[Captioned web images]

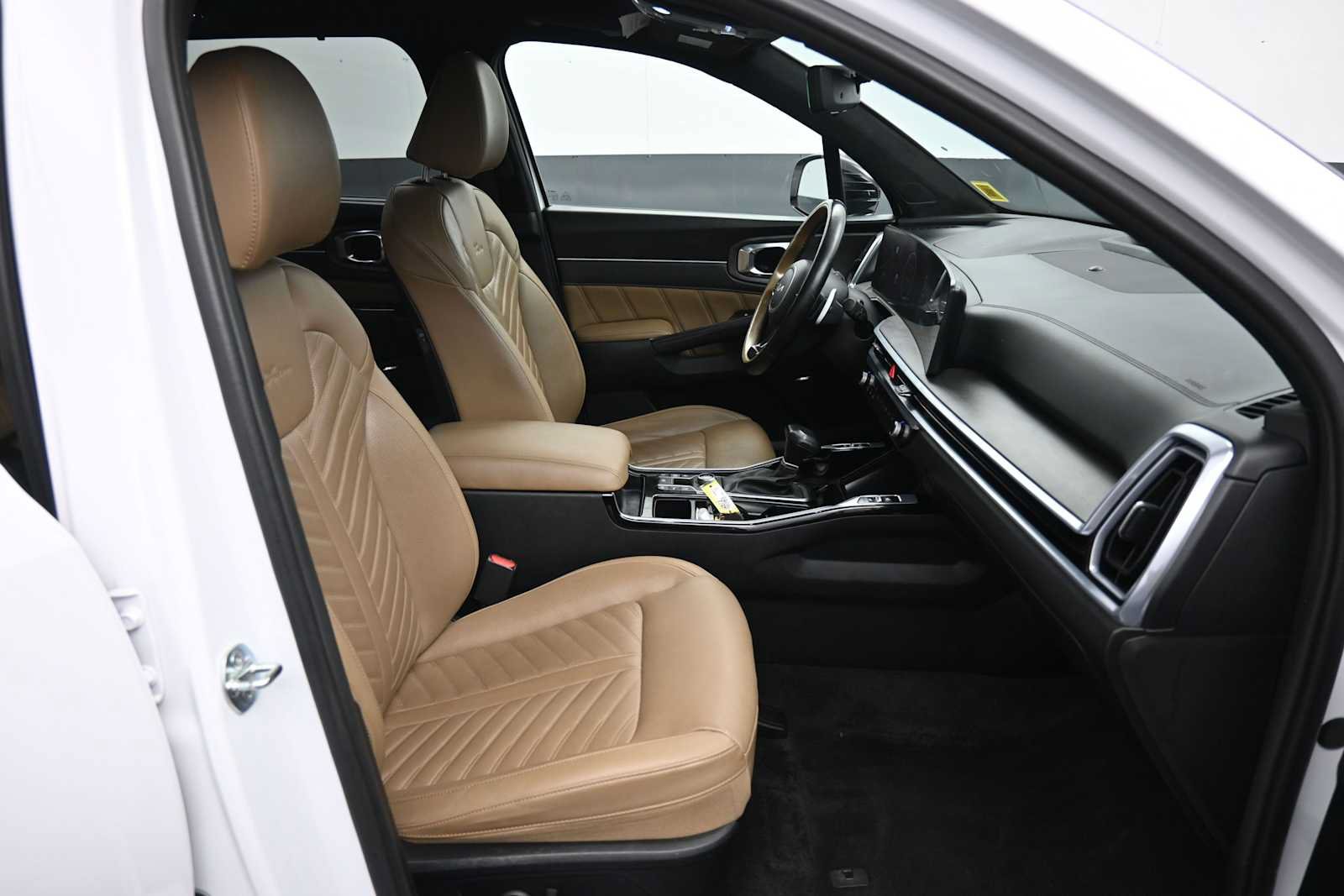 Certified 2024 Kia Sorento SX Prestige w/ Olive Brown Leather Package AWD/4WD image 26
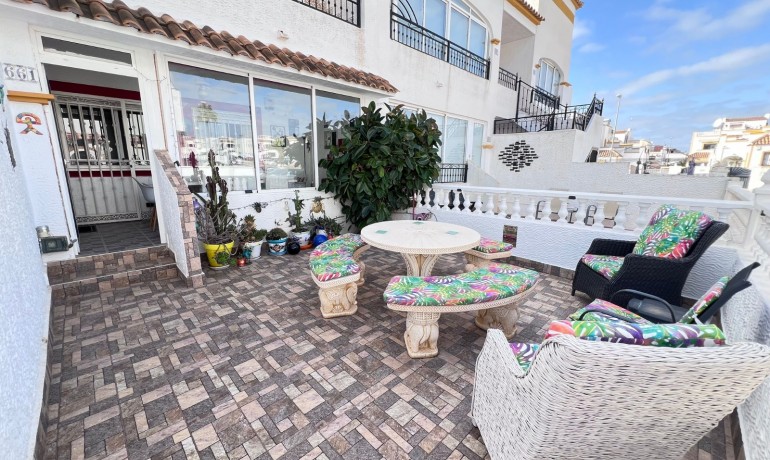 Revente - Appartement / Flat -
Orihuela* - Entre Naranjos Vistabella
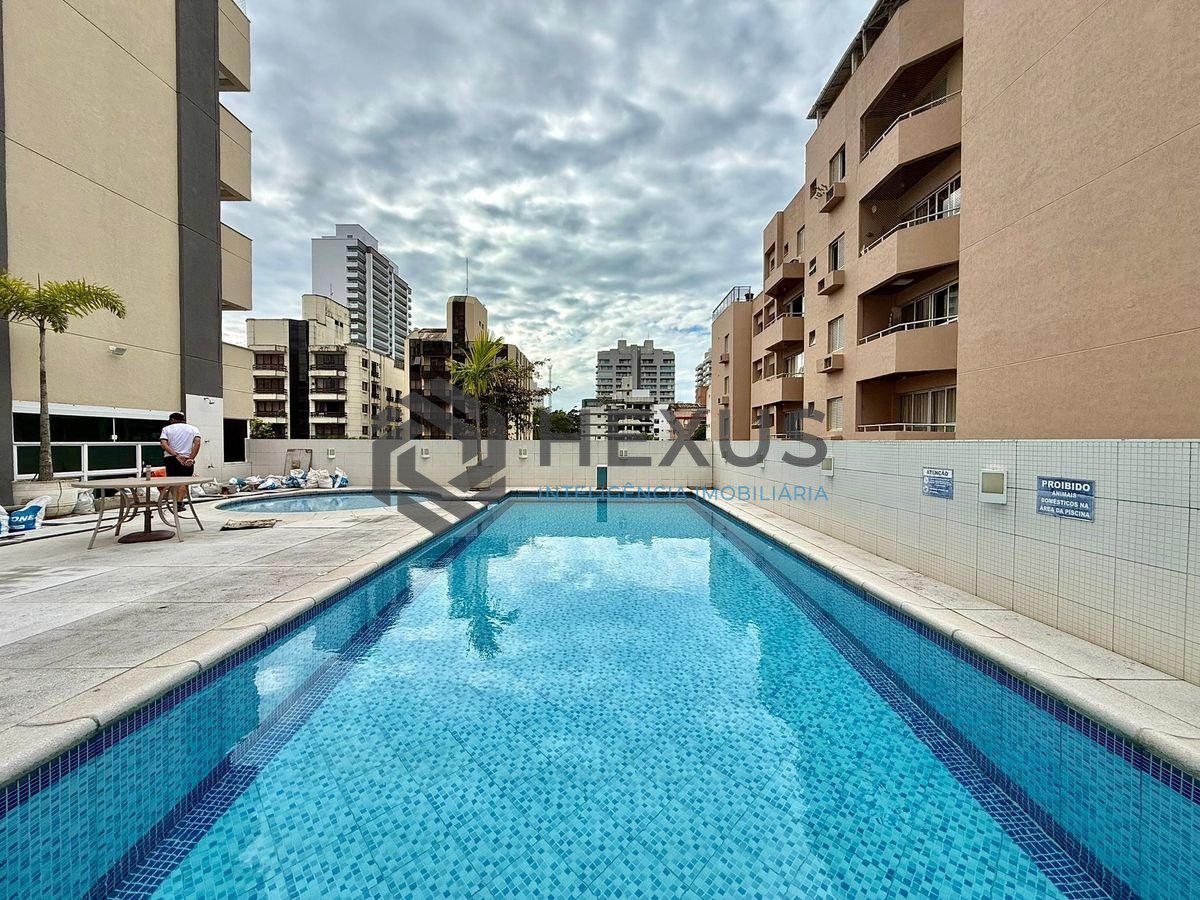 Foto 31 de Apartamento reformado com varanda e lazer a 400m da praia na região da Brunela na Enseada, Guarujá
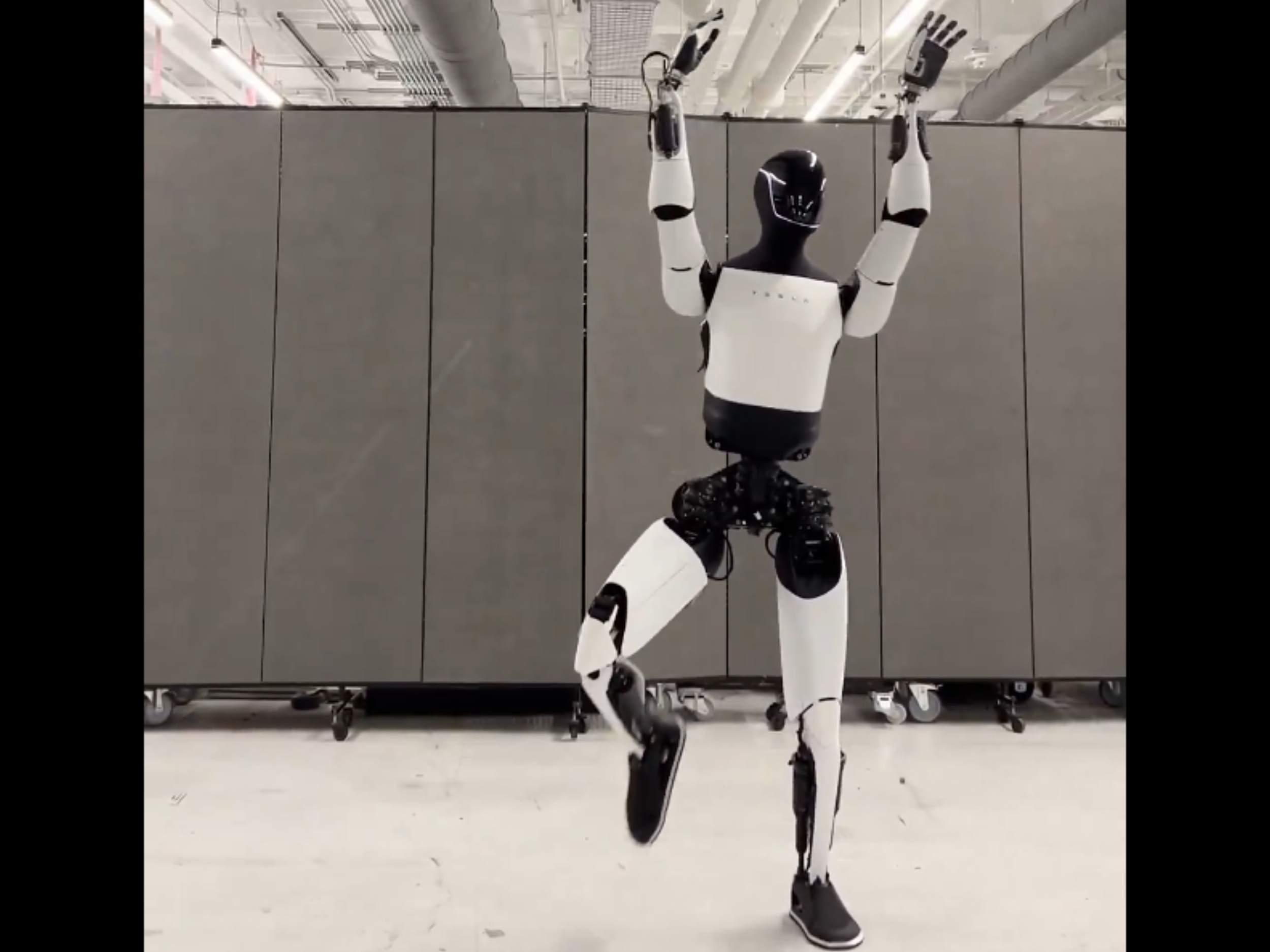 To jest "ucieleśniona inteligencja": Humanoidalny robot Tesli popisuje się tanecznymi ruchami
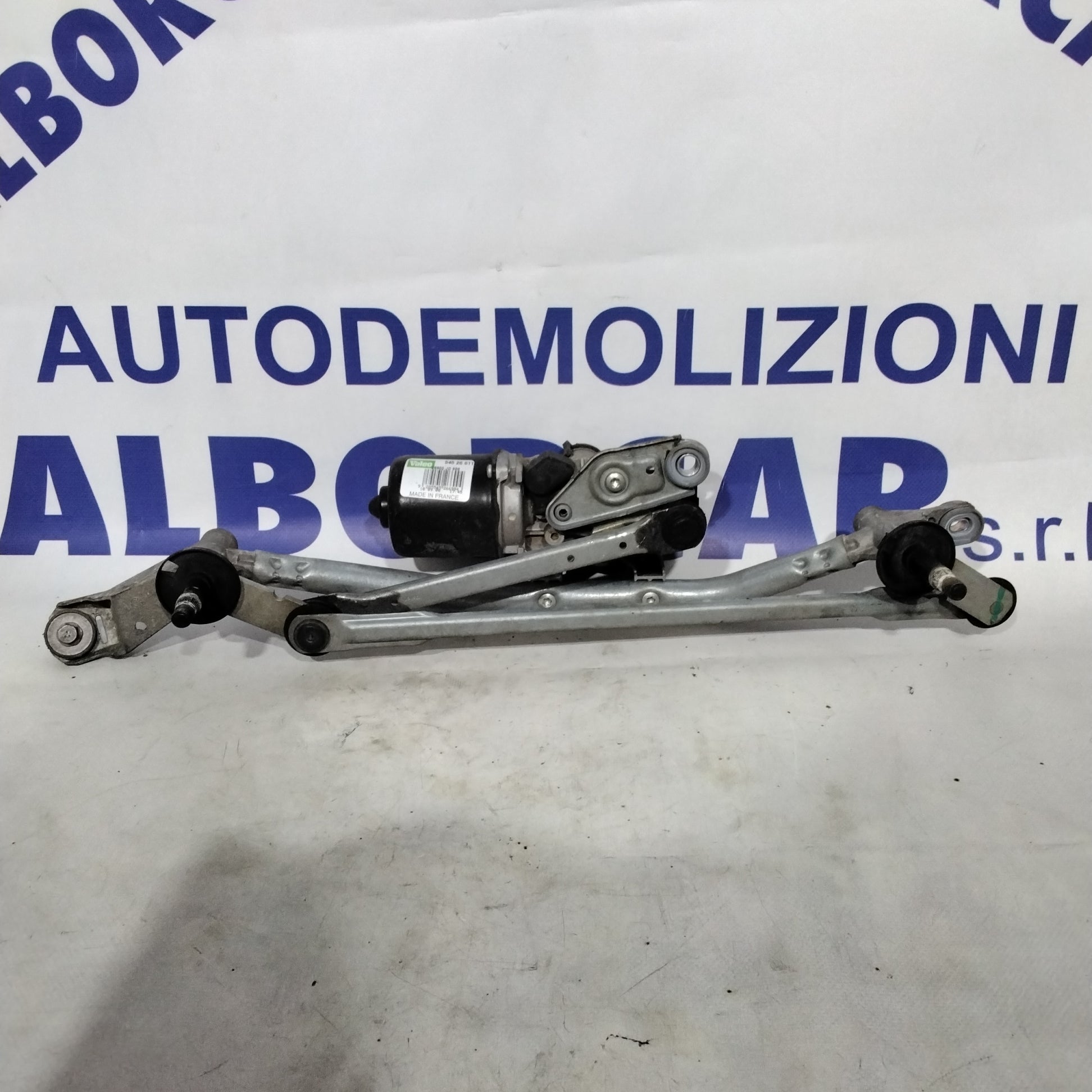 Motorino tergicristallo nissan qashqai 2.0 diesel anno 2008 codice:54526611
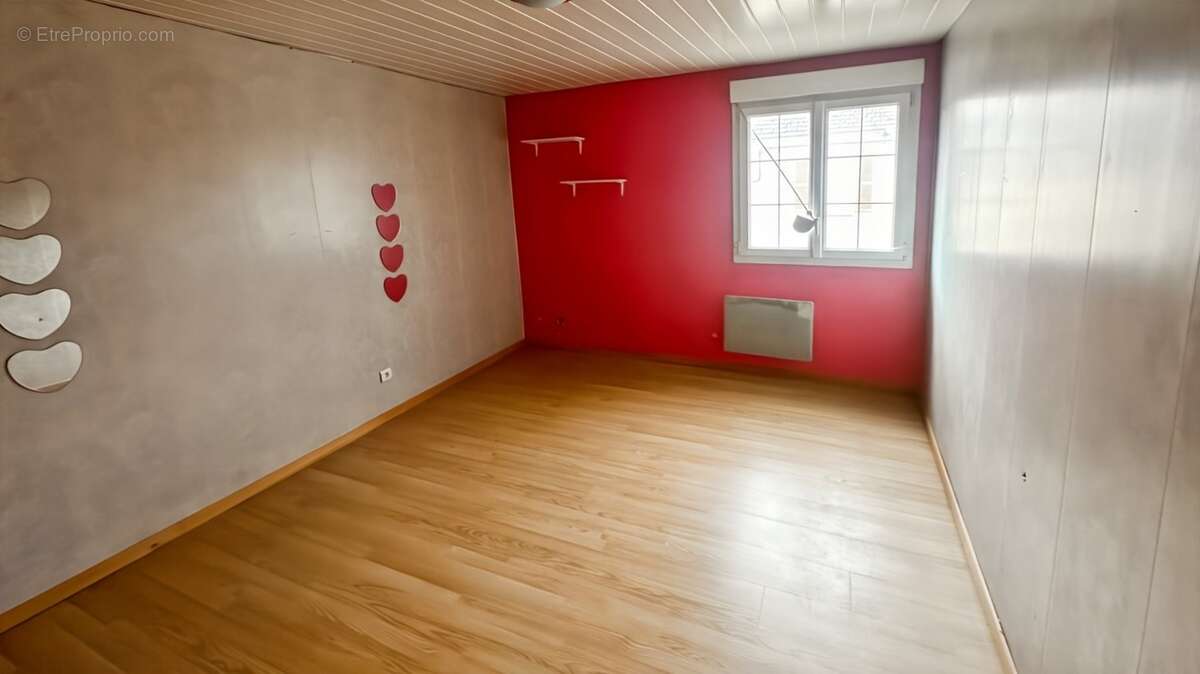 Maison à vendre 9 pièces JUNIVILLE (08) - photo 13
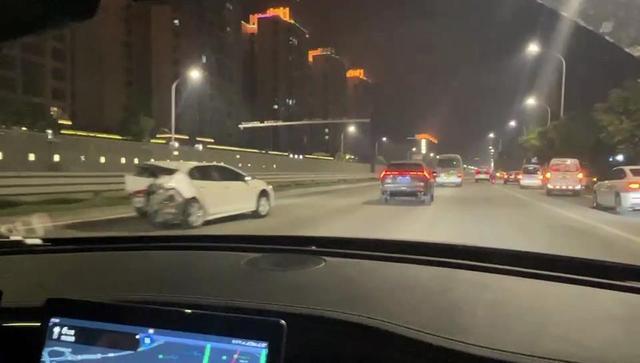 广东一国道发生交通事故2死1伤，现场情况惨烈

→ Task objective: Word for word, restate all of the data, but do not copy the pictures.

→ Answer section:
 Certified 2024 Kia Sorento SX Prestige w/ Olive Brown Leather Package AWD/4WD image 26
 Revente - Appartement / Flat -
Orihuela* - Entre Naranjos Vistabella
 Foto 31 de Apartamento reformado com varanda e lazer a 400m da praia na região da Brunela na Enseada, Guarujá
 To jest "ucieleśniona inteligencja": Humanoidalny robot Tesli popisuje się tanecznymi ruchami
 Motorino tergicristallo nissan qashqai 2.0 diesel anno 2008 codice:54526611
 Maison à vendre 9 pièces JUNIVILLE (08) - photo 13
 广东一国道发生交通事故2死1伤，现场情况惨烈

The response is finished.